CO2 dosing: Maximum and minimum boiler capacity

Boilers may have to be operated at times when no heat is required, so that CO2 can be produced.  The rate of production is dependant on the firing level of the boiler. Two of the simpler set points available for managing CO2 enrichment are maximum boiler capacity for CO2 and minimum boiler capacity for CO2. 

An explanation of what these are is shown below  (click to expand)

As simple as they may sound, if you ‘set and forget’, you'll run into problems. For example, there will be times when you could have burned more gas and achieved higher CO2 levels for no extra cost, or you find your heat stores are full by the middle of the afternoon, and if you need CO2 you’ll have to run the boilers and dump heat.

This update explores the limitations of these set points and how they can be managed.

Fundamentals

The aspects that drive the operation of the boiler during times of CO2 demand are the rate of filling of the heat store and the requirement for CO2. The latter is affected by the stage of crop development and the availability of light.

Normally, growers set an optimum profile for how quickly a heat store is allowed to fill through a day. This helps to optimise the heat storage / CO2 production balance.

Sunny day scenario (Graph 1)

In this example, the heat store is almost empty by sunrise. Up to 08:30 the greenhouse needs heat to help with humidity control so the boiler is able to run at maximum CO2 output with only a limited amount of heat being diverted into the heat store.

Shortly after the heat demand of the greenhouse drops to zero (around 09:00) the boiler output has to be reduced to stop the energy in the heat store becoming greater that that defined in the heat store profile. By 11:00 the boiler is running at the minimum output level allowed, but the heat store continues to fill at a greater rate than the profile requires. Consequently, the heat store is full by 15:30 and no CO2 can be produced for the rest of the day without dumping heat.

There are a number of options available to maintain CO2 output:

• Heat can be forced into the greenhouse after 15:30 even though it isn’t needed for maintenance of temperature or humidity. In the example of a boiler servicing 1.5Ha and with the boiler running at 1,000kW for a further 4 hours, a gas use of 4,000kWh would result, producing 760kg of CO2 at a cost of around £70.
• Reduce the maximum boiler output – this will reduce the rate of CO2 production in the morning, but extend the use in the afternoon and avoid heat dumping. More even delivery of CO2 throughout the day will generally give better results than use skewed heavily to the morning period.
• Reduce the minimum boiler capacity – if it is not already at the minimum possible. This would spread the CO2 production through the afternoon and delay the time at which the heat store is completely filled.

In practice a combination of the two latter options is likely to give the best result.

Dull day scenario (Graph 2)

In this example, heat and venting is required all day to help with humidity control.
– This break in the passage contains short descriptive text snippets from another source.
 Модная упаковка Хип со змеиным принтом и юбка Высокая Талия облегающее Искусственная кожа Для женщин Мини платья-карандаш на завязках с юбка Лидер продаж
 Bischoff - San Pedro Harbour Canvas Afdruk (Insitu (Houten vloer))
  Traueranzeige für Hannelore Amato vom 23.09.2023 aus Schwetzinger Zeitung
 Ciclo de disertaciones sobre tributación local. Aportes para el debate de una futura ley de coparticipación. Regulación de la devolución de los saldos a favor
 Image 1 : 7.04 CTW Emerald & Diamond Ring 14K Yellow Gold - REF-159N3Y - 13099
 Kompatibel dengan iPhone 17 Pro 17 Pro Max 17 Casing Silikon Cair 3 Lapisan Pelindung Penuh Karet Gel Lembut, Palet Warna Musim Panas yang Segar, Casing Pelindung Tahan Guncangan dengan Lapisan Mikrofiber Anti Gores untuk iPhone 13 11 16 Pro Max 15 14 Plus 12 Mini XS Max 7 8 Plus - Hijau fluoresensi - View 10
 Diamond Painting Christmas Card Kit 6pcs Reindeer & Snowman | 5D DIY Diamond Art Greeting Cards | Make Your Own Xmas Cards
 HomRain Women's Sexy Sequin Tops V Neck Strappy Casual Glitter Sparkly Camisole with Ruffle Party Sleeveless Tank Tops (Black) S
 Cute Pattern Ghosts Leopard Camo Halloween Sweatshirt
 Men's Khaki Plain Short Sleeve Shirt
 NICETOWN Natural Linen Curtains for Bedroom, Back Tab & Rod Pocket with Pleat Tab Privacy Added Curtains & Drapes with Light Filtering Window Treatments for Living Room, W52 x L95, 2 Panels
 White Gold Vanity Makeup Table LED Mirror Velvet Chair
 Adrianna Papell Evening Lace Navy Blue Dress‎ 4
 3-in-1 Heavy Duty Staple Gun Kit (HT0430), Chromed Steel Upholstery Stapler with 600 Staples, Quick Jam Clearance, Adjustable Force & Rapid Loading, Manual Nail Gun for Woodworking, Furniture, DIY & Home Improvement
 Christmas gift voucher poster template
The venting prevents the target CO2 level being achieved, so the boiler spends most of the time running at the maximum output allowable as determined by the CO2 setting. With most of the heat going into the glasshouse to give humidity control, the heat store is not full at the end of the day.

In this situation it is possible to allow a higher maximum boiler capacity for CO2 enrichment thereby giving higher CO2 levels in the greenhouse without having to destroy heat i.e. for no extra cost. However, if this is to be done, it’s important to check that the CO2 enrichment fans can handle the greater volume of flue gases or the extra CO2 may simply go up the chimney and not in the greenhouse.

Summary

For simplicity’s sake, we like to ‘set and forget’. But this can lead to wasted energy and/or missed opportunities to achieve higher CO2 levels at no extra cost. Regular adjustment of settings helps to avoid this, particularly during periods of unsettled weather.

Climate computer control graphs setup like those above and with the addition of the CO2 level achieved in the greenhouse, will help in highlighting where opportunities exist to optimise CO2 levels and keep energy use to a minimum.